There is nothing in the book itself about who wrote Joshua. In style and theology it is very similar to Judges, 1 and 2 Samuel and 1 and 2 Kings. It is often thought to form with them a collection of writings named by scholars the ‘Deuteronomistic histories’.
Next to nothing.
The name implies a theological connection with the book of Deuteronomy, since the outlook of all these books seems very similar. It is suggested that the author or, more likely, authors of these histories were influenced by Deuteronomy and told Israel’s history from that perspective. The key feature here is that Deuteronomy stresses that God’s people will only stay in the land if they remain faithful. Joshua, Judges, 1 and 2 Samuel and 1 and 2 Kings tell the story of how God’s people failed to be faithful and so, eventually, went into exile from the land.
No one really knows when these books were written. It is thought that they reached their final form in the sixth century BC – in other words, shortly after the Judeans went into exile – and were finalised then in order to explain why the exile had happened at all. It is clear, however, that these final documents were drawn together from already existing sources, many of which would have been written during or shortly after the event described.
If it is right that these histories are written to explain why the exile happened, it's clear that the people would have been feeling hurt, despairing and lost. For a sense of what people were feeling then, have a look at the book of Lamentations, which provides an accurate insight into their emotions.
This is a history book but it falls into the category of what you might call theological history – history with a purpose. It is not telling the events just so you can know what happened, but so that you can understand why it happened. Many of the historical books of the Bible are like this.
1.1–18 The commissioning of Joshua as leader
2.1–12.24 Entry into and conquest of the land
13.1–22.34 The division of the land among the tribes
23.1–24.33 Joshua’s farewell and the renewal of the covenant
There will be lots of names you will not know; don’t worry if you can’t place them all. The key ones are given below.
Euphrates, Shittim, Ai, Bethel, Ashdod, Ashkelon, Bashan, Beer-sheba, Bethel, Canaan, Carmel, Dan, Dead Sea, Edom, Ekron, En-gedi, Ephraim, Euphrates, Galilee, Gath, Gaza, Gezer, Gibeon, Gilgal, Hebron, Hermon, Israel, Jerusalem, Jezreel, Judah, Lachish, Lebanon, Midian, Mizpah, Moab, Mount Carmel, Mount Gerizim, Mount Hermon, Mount Seir, Mount Tabor, Negeb, Ramah, Sheba, Shechem, Shiloh, Shunem, Sidon, Tirzah, Tyre, Ziklag
Anakim, Amorites, Gibeonites, Rephaim, Hittites, Ammonites, Amorites, Asher, Balaam, Balak, Benjamin, Canaanites, Gibeonites, Hivites, Isaac, Issachar, Jebusites, Joshua, Levites, Manasseh, Moses, Philistines, Sidonians
Altar, Ark of the Covenant, burnt offering, High Priest, Passover, priest, Tabernacle, wadi
In all the books of the Deuteronomistic histories, God’s promises are very important. The idea you find time and time again is that God always does what he says he will. Look out for this theme as you read.

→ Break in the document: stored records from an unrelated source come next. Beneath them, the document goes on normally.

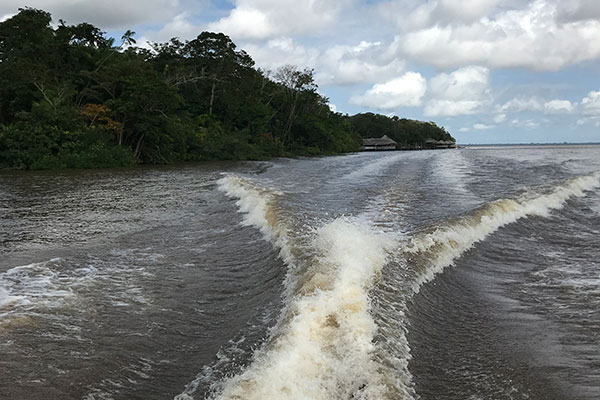 A wide body of water with land and trees on one side and the wake of a boat running down the middle.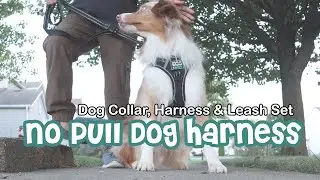 No Pull Harness for Dog Collar, Harness & Leash Set, Rywell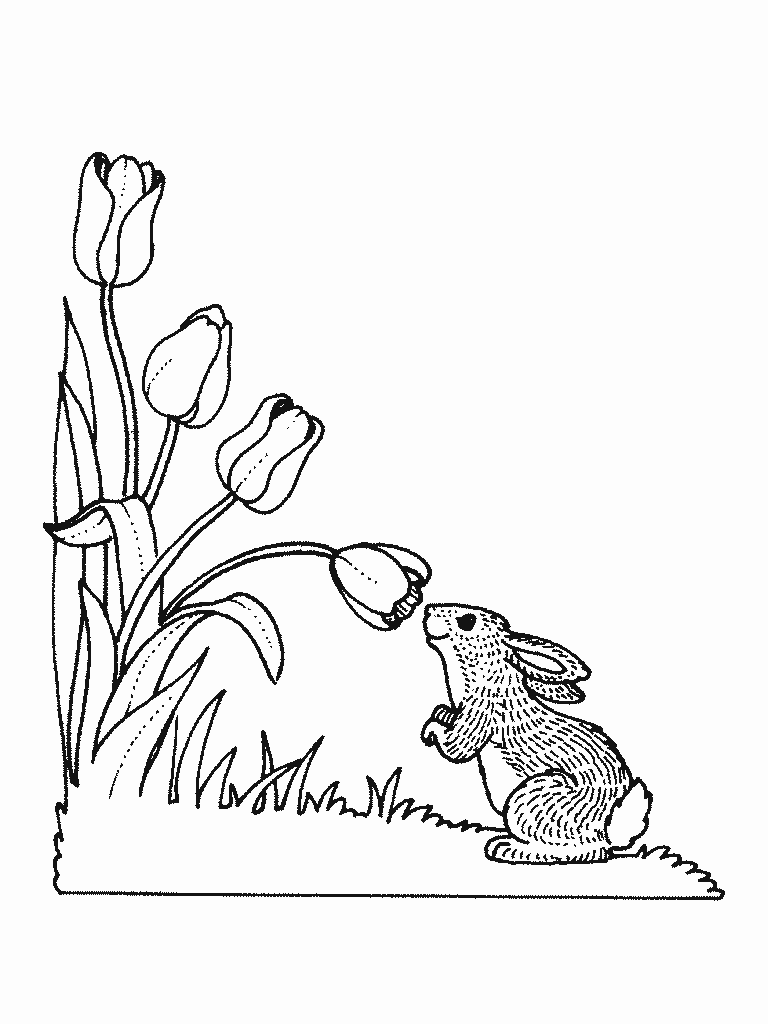 Раскраска: заяц (Животные) #10138 - Бесплатные раскраски для печати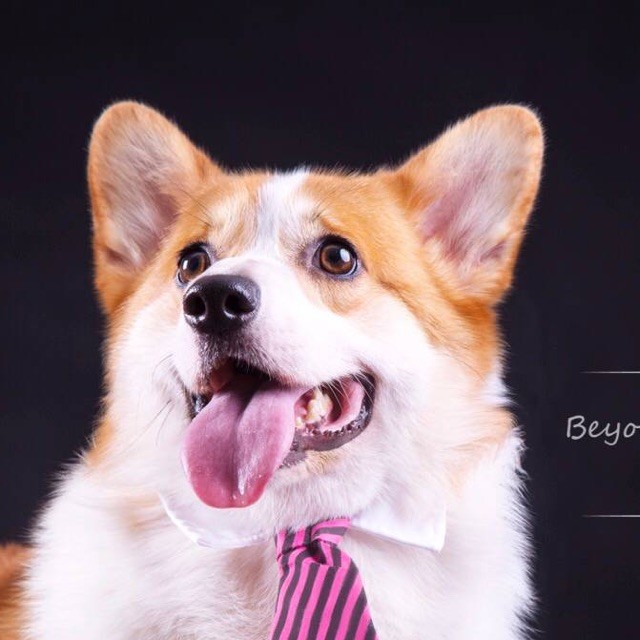 1099809 超越梦想犬舍（柯基，金毛
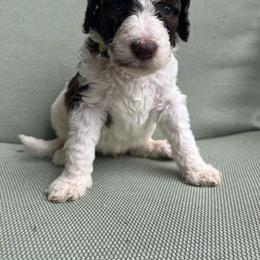 Yellow - Parti male Labradoodle puppy in Ellenwood, Georgia from Four Paws Down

Another important theme in this book is identity – the questions of what made God’s people who they were. As you read, ask yourself what you can tell about who God’s people were meant to be and what they were meant to do.
Right at the heart of this book lies the covenant, made through Moses with the people and reiterated at the end of the book by Joshua. Look out for the covenant and what it means to God, to Joshua and to the people.
A theme that bubbles away throughout Joshua is faithfulness – God’s faithfulness to his people and their unfaithfulness to him. What does faithfulness mean to you and can you learn anything about it from this book?